Lock the Gate Alliance has condemned the referral of Santos’ Narrabri coal seam gas project to the Independent Planning Commission just days after a Parliamentary Inquiry found there was a severe lack of information and regulation related to the industry.
“The Commission will be stabbing in the dark when it tries to make a decision on this destructive, polluting proposal,” Lock the Gate NSW spokesperson Georgina Woods said.
“Major flaws in regulation and knowledge of coal seam gas were identified by a parliamentary committee two weeks ago, yet Planning Minister Rob Stokes has not listened and has referred this project anyway.”
The Minister’s referral, which was yesterday published on the Independent Planning Commission’s website, was made just three business days after the Parliamentary Inquiry found that five years on, only two of the Chief Scientist’s 16 recommendations on coal seam gas had been implemented.

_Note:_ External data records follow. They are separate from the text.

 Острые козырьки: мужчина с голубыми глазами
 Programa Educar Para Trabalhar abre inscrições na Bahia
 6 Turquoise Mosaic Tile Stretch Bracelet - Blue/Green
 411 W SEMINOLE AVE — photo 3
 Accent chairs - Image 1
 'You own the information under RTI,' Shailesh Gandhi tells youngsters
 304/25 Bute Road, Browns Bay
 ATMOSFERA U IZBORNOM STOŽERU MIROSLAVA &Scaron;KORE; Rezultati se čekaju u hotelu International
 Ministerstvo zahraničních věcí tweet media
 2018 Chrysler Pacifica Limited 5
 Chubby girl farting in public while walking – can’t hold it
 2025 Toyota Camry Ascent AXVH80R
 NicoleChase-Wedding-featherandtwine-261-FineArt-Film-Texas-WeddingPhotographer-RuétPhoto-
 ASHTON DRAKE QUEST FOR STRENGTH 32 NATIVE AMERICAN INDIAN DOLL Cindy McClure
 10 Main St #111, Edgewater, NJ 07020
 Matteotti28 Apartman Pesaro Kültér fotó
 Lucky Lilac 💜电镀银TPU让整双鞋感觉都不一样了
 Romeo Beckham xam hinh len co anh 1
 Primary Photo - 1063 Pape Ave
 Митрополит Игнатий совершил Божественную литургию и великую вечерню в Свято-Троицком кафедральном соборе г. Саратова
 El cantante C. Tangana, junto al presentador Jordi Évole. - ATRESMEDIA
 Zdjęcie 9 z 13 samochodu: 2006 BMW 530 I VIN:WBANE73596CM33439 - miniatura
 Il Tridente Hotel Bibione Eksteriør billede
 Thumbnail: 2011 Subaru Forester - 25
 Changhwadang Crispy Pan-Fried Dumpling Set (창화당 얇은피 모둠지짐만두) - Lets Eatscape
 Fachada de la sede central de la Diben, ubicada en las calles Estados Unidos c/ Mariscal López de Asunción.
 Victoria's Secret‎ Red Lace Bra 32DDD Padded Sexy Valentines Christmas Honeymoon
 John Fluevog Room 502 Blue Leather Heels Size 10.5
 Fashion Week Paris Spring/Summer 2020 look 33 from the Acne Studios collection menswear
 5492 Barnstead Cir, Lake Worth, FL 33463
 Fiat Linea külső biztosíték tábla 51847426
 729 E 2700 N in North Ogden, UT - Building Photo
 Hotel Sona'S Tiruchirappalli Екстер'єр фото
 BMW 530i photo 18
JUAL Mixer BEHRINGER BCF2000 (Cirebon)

The committee described the industry as “uninsurable” and last week Environment Minister Matt Kean told Budget Estimates he thought there should be no more coal seam gas drilling anywhere until the Chief Scientist’s recommendations had been implemented.
Ms Woods said the IPC would be making a decision in the dark and applying a regulatory scheme that has been exposed as being too weak to protect water resources and farmers from unforeseen damages.
“The Independent Planning Commission must comply with the Minister’s direction to determine this application, but it will be doing so with inadequate data, unfinished regulation and the results of a groundwater impact model that is incapable of predicting impacts on landholders’ bores at the local scale.
“An inquiry found just two weeks ago that NSW regulation of the coal seam gas industry is not up to the standard recommended by the Chief Scientist. The regulation was exposed as being too weak to protect water resources and farmers from unforeseen damages, leaving landholders to suffer under an industry labelled ‘uninsurable’.
“We don’t see how the Independent Planning Commission can approve the Narrabri coal seam gas project in this context. It’s untenable to leave landholders and local communities exposed to the lasting cost of depleted or contaminated groundwater, leaking methane, or leaching toxic salt dumps.
“If approved, the Narrabri CSG project would drill 850 gas wells right through a water recharge aquifer of the Great Artesian Basin, putting at risk precious groundwater that many rely on for food and fodder production.
“The Planning Minister has passed the buck and it is up to the Commission now to defend the public interest and stop this reckless gasfield.”